What needs to be done: If a line in the data below contains the word "Boutique", copy it out.

***

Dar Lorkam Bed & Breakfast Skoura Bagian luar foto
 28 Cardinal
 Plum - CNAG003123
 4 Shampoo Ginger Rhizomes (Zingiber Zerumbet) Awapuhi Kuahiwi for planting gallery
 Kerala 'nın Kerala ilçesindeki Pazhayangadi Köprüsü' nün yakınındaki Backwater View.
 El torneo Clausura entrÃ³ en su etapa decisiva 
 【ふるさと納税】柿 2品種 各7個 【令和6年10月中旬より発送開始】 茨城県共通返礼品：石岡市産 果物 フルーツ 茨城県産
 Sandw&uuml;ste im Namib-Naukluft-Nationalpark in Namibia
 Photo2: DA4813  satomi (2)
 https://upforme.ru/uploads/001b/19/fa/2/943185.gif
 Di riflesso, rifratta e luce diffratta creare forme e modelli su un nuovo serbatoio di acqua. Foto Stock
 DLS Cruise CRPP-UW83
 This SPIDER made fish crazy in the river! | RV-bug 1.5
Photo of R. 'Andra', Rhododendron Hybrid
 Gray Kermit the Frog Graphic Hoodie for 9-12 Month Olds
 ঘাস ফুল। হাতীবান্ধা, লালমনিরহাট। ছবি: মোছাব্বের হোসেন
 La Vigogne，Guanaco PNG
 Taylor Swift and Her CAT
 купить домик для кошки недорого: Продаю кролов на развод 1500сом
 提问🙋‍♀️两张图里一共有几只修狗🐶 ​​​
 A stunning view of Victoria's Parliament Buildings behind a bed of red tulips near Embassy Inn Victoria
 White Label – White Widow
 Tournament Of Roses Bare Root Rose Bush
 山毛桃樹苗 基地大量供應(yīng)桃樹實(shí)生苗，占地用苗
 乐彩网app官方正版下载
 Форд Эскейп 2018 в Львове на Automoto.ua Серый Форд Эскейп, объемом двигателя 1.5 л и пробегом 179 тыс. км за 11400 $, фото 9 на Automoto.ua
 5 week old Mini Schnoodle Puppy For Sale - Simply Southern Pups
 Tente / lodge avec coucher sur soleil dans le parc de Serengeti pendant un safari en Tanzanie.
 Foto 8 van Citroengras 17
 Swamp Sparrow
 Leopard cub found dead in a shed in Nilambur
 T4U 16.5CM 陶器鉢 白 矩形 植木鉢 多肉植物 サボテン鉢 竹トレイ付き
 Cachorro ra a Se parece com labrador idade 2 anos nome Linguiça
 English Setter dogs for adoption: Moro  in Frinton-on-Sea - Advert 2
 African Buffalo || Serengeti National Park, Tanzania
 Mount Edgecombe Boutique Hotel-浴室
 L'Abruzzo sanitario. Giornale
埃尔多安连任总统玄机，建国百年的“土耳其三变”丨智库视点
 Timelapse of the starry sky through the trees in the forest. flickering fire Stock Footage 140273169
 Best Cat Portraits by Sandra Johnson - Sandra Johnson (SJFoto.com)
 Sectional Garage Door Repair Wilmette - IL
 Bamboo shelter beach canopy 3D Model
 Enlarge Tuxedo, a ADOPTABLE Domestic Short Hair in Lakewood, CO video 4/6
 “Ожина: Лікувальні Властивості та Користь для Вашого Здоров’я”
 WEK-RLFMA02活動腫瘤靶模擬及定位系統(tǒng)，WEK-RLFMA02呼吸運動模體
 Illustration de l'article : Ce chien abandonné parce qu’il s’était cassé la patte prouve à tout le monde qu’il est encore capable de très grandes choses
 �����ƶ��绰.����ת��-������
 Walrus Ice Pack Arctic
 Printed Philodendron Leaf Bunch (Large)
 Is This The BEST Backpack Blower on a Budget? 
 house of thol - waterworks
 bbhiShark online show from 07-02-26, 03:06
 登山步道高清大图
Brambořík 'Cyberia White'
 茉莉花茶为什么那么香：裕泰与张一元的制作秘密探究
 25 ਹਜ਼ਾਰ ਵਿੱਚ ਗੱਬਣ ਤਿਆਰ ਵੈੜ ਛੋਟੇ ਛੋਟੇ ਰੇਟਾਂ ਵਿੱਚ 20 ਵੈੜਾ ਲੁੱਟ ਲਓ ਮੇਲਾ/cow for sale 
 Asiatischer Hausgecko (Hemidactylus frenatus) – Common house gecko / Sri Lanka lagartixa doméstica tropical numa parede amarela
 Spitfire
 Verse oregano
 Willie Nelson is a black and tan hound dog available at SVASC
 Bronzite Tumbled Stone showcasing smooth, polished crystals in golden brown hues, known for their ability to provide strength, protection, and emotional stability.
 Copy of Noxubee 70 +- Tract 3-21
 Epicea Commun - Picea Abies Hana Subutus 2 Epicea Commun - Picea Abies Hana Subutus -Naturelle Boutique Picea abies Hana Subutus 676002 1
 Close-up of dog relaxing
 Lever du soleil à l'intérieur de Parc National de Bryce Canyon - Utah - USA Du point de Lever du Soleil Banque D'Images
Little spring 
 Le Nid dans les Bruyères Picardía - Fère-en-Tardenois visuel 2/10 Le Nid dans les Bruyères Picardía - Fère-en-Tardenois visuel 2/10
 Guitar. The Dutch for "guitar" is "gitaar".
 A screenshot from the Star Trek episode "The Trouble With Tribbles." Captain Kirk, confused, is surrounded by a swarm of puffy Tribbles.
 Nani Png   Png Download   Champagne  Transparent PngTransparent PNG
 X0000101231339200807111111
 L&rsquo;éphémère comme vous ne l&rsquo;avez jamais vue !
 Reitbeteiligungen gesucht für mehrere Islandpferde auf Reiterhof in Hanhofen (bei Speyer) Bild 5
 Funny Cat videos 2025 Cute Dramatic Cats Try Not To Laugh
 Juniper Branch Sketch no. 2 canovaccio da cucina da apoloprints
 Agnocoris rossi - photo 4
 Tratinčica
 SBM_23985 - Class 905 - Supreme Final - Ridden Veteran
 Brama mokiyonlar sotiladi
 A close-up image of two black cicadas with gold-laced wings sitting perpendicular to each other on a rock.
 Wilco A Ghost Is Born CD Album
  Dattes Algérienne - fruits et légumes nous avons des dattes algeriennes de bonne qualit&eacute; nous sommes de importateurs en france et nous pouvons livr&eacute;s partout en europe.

***

Answer to this exercise:
 Mount Edgecombe Boutique Hotel-浴室
 Epicea Commun - Picea Abies Hana Subutus 2 Epicea Commun - Picea Abies Hana Subutus -Naturelle Boutique Picea abies Hana Subutus 676002 1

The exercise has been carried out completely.